→ Requirement:
The required output is the line with "Guess Man 3pc Gift Set" through the final line of the entries, each one exactly as it stands.

→ Data extracts:

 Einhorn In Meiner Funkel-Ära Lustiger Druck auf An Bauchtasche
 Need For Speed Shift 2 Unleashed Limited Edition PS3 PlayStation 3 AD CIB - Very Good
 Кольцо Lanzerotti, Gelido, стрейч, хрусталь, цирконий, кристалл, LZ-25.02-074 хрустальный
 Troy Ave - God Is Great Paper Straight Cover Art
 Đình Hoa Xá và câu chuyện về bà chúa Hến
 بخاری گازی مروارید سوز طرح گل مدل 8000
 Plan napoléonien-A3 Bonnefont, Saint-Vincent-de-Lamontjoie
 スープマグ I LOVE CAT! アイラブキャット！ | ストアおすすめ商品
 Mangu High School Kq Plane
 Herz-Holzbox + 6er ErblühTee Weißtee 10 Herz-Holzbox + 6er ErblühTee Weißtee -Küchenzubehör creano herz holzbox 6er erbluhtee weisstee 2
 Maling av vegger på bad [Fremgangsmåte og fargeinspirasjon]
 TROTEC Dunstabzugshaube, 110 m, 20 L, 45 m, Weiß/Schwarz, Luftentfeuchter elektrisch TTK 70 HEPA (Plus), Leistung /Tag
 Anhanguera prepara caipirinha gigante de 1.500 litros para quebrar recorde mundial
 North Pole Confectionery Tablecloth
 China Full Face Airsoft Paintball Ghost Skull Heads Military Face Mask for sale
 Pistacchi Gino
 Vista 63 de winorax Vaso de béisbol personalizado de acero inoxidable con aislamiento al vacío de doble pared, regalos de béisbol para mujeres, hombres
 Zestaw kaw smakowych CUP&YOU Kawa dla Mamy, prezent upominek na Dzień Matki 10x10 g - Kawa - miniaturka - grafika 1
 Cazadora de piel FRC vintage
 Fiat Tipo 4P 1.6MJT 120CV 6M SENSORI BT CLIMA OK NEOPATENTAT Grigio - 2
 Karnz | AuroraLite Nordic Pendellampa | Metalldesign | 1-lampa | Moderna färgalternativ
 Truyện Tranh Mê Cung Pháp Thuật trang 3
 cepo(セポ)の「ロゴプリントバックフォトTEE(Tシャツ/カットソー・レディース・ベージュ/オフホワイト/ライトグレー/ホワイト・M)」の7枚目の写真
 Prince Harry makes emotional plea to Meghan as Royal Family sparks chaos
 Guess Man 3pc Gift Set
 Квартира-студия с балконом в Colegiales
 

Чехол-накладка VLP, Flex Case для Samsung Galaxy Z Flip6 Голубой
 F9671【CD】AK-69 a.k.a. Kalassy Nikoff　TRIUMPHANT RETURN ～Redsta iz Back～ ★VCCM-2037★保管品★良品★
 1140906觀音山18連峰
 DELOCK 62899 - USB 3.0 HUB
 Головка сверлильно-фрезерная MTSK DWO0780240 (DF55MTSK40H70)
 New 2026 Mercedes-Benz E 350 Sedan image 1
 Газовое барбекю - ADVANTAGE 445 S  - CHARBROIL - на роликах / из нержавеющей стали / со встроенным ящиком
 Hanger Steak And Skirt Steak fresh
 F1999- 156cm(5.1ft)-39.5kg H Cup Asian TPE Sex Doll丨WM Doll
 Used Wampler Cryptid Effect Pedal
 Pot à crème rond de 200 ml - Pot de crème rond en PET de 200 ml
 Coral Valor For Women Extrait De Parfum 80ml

→ Your response:
 Guess Man 3pc Gift Set
 Квартира-студия с балконом в Colegiales
 

Чехол-накладка VLP, Flex Case для Samsung Galaxy Z Flip6 Голубой
 F9671【CD】AK-69 a.k.a. Kalassy Nikoff　TRIUMPHANT RETURN ～Redsta iz Back～ ★VCCM-2037★保管品★良品★
 1140906觀音山18連峰
 DELOCK 62899 - USB 3.0 HUB
 Головка сверлильно-фрезерная MTSK DWO0780240 (DF55MTSK40H70)
 New 2026 Mercedes-Benz E 350 Sedan image 1
 Газовое барбекю - ADVANTAGE 445 S  - CHARBROIL - на роликах / из нержавеющей стали / со встроенным ящиком
 Hanger Steak And Skirt Steak fresh
 F1999- 156cm(5.1ft)-39.5kg H Cup Asian TPE Sex Doll丨WM Doll
 Used Wampler Cryptid Effect Pedal
 Pot à crème rond de 200 ml - Pot de crème rond en PET de 200 ml
 Coral Valor For Women Extrait De Parfum 80ml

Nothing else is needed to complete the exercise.